But I blinked, sometime between those events and now, and suddenly that happy past is 10 years ago. What happened? Why does time always go faster when the times are good?

"Eames?"

"Bobby?"

"Why me?"

I wanted to ask, _Why me, what?,_ but I looked into his dark eyes and I could see the entirety of his question. _Why am I the world's punching bag? What did I do to make the Powers that Be so mad at me? Why did my life have to turn to crap before my eyes? Why can't I be happy?_

"Bobby…" I tossed my now-mostly-empty coffee cup into the garbage can. I put a hand on his shoulder. He tensed, surprised, but then relaxed into the touch. I could feel the _thump-thump-thump-thump _of his heartbeat, faster than normal, out of stress, no doubt.
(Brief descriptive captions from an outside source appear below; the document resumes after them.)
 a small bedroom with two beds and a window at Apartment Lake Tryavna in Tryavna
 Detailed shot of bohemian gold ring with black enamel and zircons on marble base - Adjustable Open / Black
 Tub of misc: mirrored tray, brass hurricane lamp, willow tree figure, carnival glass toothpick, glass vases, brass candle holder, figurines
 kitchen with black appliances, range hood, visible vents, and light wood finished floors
"I never thought I should ask, you know. Why me, I mean. Why did I have to have the schizophrenic mother? Why did I have to have the serial killer of a father? Why did I have to lose the job I loved? Why – " his voice cracked. "Why me?"

"Bobby…"

He leaned his head on one arm, and turned his face toward me. "Why me?"

"Seriously?"

"Yes."

I sighed. I knew why, at least partially why, but knowing it doesn't make it any easier to say. "Bobby, you're a fool."
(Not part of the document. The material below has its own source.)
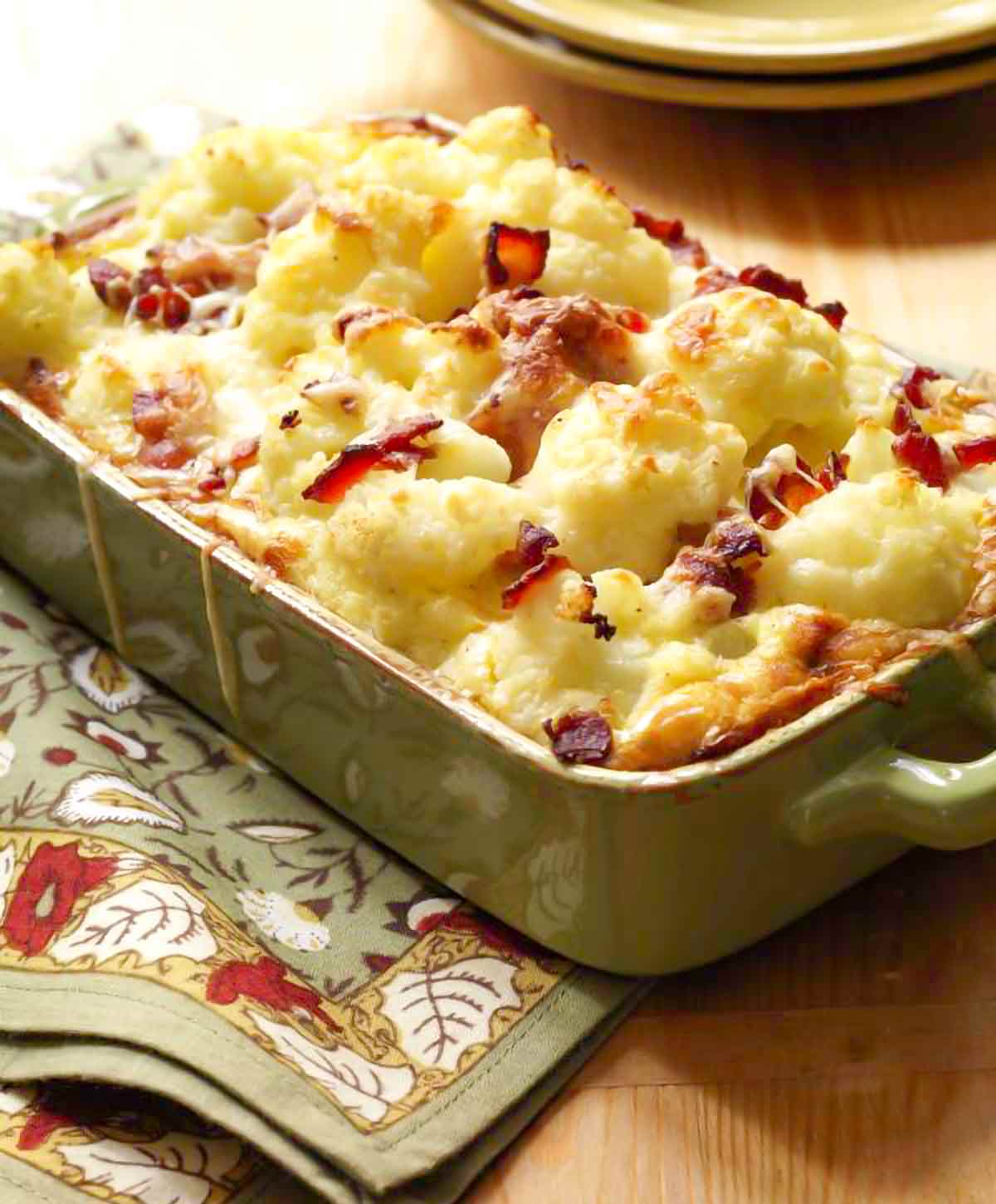Cauliflower bacon gratin in a large green rectangular baking dish with melted cheese.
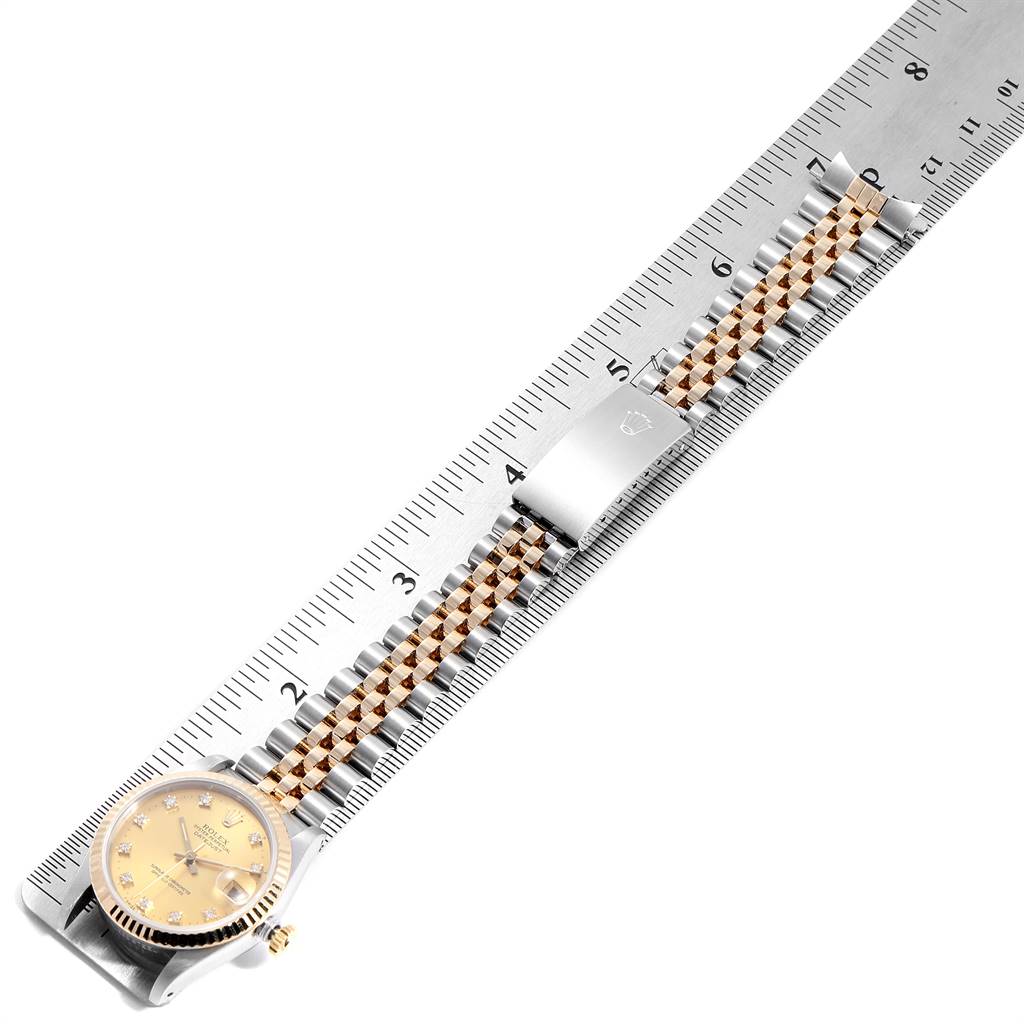 The image shows a Rolex Mid-Size 68273 Women's Steel and Gold (two tone) Champagne Dial 68273 Women's Steel and Gold (two tone) Champagne Dial model watch laid flat against a ruler, displaying the entire face and bracelet.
He blinked. "I didn't expect to hear that."

"You are a fool in the oldest sense of the word. For all your seriousness, for all your genius, Bobby, you're still a king's jester, a village idiot, a person who can't help but tell truth to power. But emperors don't like to be told that they've got no clothes. The Powers that Be wanted a Bobby that could be a genius and yet wouldn't tell them that they were naked, wanted a Bobby that could be their servant."

He growled, "I am no one's servant."

"Exactly, Bobby. You're not a slave to the system. You know that, even something is legal, it may not be right or just or honest, and Bobby, dear Bobby, you won't shut up if the Powers that Be try to tell you otherwise."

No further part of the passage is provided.